Gabon: Deux panthères à l’origine de la psychose au village Sougouzap-ville

Gabon Gabonmediatime Panthère Gabon Forêt Gabonaise
Une panthère dans la forêt gabonaise © D.R.

Les populations du village Sougouzap-ville sis à 18 km d’Oyem sur le tronçon Oyem-Bitam sont depuis peu en proie à un danger qui pourrait s’avérer fatal pour ledit regroupement. Et pour cause, des témoignages feraient état de la présence d’un couple panthère dans le village au point d’occasionner les morts d’animaux domestiques. Les villageois sont en alerte rouge. 

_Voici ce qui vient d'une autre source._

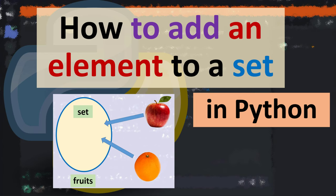Hi everyone, in this tutorial I'm going to be showing you how to add an element to a set in Python language.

L’atmosphère est particulièrement morose au village Sougouzap-ville dans le Woleu-Ntem précisément à 18km de la commune d’Oyem. En effet, selon les témoignages des villageois qui y vivent, un couple de panthères visiterait nuitamment le village. La rumeur est devenue un fait après que des jeunes gens eurent fait la découverte d’un chien de chasse à moitié déchiqueté. Un véritable choc pour les villageois, car sur le lieu de la trouvaille, des traces d’empreintes de panthères étaient visibles. Ces dernières ont été certifiées par des chasseurs alors qu’elles étaient à nouveau présentes quelques jours après à 500 mètres de la première découverte.

Paniqués, les habitants dudit village ont entrepris d’explorer toutes les hypothèses pouvant justifier la présence de ces félins. Pour ce faire, marabouts et autres maîtres en ésotérisme ont été consultés. Pour les notables, il est imminent de cerner le phénomène. « Nous avons deux sortes de panthères, il y a une de forêt qui est animal naturel et qui est interdite d’être tuée, sauf cas de légitime défense. Il y a  une autre qui est esprit de totem et qui est dirigée par un humain. Dans ce cas, il faut les notables pour parler et chasser l’esprit » explique un notable, agent des eaux et forêts.

Il convient de préciser que Sougoudzap-ville comprend régulièrement 300 âmes. Un nombre majoré en période estivale où près de 800 personnes y vivent. L’urgence est donc de mise quand on sait qu’il y a des fortes chances qu’après les animaux, les prochaines proies soient des humains. Pour leur part, les villageois semblent déterminés à se protéger. « En tout cas, on ne laissera  pas les panthères se remplir l’estomac de nos parents au village, soit disant que c’est une espèce protégée», a précisé l’un des notables.